It’s Saturday morning, and I’ve just returned from the Farmer’s Market. While I bought the requisite grape tomatoes (even though it’s not nearly close to tomato season yet), yellow peppers (same season-wise), blueberries (from North Carolina, so not “Jersey Fresh!” as the market signs proclaim), and red-skin potatoes (don’t care when it’s available, just get it in mah mouf), we also bought the definitely not farm-related whole-grain bread and breakfast empanadas.
And because of this visit, I have come to the conclusion that my brain loves to visit fantasy land. Earlier in the blog I did go into detail about how we’d do a garden this year, and how I would have the luxury of time to plan it properly and get the soil prepped and order plants ahead of time instead of the last-minute desperate rush to Home Depot. Every Monday or Tuesday we’d plan to “get the stuff and get started this weekend” and every weekend we realized there were a myriad of reasons why we couldn’t: it was raining; it was graduation weekend and we’d be tremendously busy; Hubby would be out all day Saturday (which, as the whole universe knows, is the Mandated Do Things in the Backyard Day) at a meeting; guests were coming for Memorial Day and we couldn’t have naked lumber just laying about.
Which brings us to this morning. It’s a beautiful day, perfect for finally getting stuff started and we chattered a bit as we pulled into the Farmer’s Market. (Well, Hubby did most of the chattering; I have a miserable cold and cough so my end of the conversation was a lot of waving hands and inscrutable face-making.) Before we got out, I stopped him so I could croak at him.
“Why are we going to make a huge garden when we have a garden literally down the street every Saturday?”
Hubby got that look of resigned patience.
“I mean, I really want to support these local farmers with our business, so doesn’t it make sense to just come here for our needs?”
Hubby explained that growing our own is cheaper.

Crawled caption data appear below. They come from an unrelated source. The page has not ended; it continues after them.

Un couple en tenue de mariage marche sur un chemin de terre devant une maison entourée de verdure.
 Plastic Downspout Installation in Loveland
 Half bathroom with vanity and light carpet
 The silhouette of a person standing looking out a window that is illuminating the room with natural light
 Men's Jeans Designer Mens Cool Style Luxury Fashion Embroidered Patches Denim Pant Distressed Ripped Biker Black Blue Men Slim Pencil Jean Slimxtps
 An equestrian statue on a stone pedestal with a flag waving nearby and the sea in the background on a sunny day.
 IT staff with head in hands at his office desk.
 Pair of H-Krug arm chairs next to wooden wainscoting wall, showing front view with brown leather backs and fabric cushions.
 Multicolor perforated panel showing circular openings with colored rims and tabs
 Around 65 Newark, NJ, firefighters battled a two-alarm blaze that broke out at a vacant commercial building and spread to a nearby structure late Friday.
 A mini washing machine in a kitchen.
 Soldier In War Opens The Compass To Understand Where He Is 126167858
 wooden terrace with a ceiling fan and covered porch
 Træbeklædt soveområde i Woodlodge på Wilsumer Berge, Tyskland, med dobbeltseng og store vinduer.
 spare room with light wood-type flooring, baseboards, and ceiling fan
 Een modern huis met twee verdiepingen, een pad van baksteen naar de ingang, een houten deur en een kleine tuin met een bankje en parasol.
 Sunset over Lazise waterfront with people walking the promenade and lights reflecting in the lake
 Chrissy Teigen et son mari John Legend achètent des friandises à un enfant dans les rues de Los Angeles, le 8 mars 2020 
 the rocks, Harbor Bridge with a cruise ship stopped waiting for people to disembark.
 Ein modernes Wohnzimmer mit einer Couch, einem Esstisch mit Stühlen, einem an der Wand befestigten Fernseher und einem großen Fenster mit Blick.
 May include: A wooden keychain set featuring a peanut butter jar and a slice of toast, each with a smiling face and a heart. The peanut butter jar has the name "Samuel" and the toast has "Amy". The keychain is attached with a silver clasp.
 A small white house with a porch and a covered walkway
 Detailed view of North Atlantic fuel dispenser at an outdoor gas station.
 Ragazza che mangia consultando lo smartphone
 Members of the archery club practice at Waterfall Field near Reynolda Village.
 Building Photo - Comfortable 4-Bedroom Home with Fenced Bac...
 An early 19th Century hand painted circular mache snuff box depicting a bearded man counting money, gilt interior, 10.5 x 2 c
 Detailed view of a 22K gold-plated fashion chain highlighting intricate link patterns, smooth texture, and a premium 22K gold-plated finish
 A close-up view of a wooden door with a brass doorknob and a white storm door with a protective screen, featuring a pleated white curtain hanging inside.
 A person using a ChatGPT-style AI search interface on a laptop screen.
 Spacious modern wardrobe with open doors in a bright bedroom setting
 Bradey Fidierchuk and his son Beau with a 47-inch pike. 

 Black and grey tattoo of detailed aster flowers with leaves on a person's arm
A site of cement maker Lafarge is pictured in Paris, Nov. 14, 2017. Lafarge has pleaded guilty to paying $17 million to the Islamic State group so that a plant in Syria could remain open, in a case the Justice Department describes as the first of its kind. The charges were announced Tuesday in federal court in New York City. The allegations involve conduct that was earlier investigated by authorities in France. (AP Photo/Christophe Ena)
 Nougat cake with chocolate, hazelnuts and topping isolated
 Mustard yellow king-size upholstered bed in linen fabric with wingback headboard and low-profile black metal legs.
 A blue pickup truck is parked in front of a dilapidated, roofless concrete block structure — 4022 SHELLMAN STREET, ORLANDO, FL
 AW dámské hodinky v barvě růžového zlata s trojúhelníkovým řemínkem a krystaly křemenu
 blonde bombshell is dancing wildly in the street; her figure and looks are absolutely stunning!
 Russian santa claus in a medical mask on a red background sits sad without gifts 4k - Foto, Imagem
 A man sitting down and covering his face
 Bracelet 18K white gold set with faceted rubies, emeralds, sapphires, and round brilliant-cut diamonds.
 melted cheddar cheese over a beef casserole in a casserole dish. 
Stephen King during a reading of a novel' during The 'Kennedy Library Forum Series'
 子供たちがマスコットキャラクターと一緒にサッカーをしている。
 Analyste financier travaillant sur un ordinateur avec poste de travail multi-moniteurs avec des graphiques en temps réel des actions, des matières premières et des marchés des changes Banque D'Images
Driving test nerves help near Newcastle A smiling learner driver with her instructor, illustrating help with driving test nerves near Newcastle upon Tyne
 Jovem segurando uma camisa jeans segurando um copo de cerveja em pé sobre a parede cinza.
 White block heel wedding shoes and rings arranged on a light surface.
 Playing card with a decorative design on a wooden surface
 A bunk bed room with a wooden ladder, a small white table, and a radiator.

“Is it really, though? After buying the materials for the raised beds, having dirt delivered, buying mulch and fertilizer and then the plants, and watering and weeding, are we really saving money? To mention nothing of the doctor’s bills for our sprained backs and deconstructed knees.”
I thought I saw a small smile.
“But, I mean, if you want the garden, I don’t want to stop you…” Then I coughed, a little more pitifully than I intended.
Hubby opened the car door and said cheerfully, “Right. No garden this year.”
Next year, however, I am going to make some big plans and get started much earlier. I even made a new bookmark tab labeled “gardening” so I have to mean business, right?